The Court agrees with the opinions cited, supra, which apply the substantive standard set forth in Section 3142(f) to motions to modify conditions of pretrial release made under Section 3142(c)(3). First, a request to modify conditions of pretrial release essentially asks a court to reconsider and reweigh all the factors a court considered at the original detention hearing, for whenever a court imposes conditions, or modifies them, it must determine "whether any condition or combination of conditions ... will reasonably assure the appearance of such person as required and the safety of any other person and the community." 18 U.S.C. § 3142(f). Second, without requiring a Defendant to make the threshold showing of new, material information, a Defendant could file endless petitions to modify his conditions—indeed, we are on round three in this case. Courts do not ordinarily allow parties to file a motion previously denied over and over again, yet without the threshold showing required in Section 3142(f)(2), nothing in the statute precludes a defendant from doing so.

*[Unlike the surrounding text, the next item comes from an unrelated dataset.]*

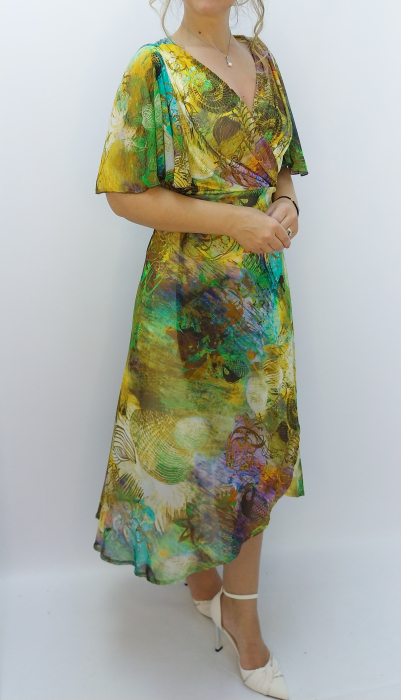 rochie-dama-multicolora-maneci-fluture-talie-marcata-dadas.jpg [4]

The Court also agrees with those opinions, also cited, supra, which hold that a defendant's compliance with conditions of pretrial release is not new, material information sufficient to reopen a detention hearing or allow a court to proceed to the merits of a petition to modify conditions of pretrial release. As the court in Kube noted, complying with conditions of release is what keeps a defendant out of custody, not a basis for relaxing those conditions. 2020 WL 1984178, at *5.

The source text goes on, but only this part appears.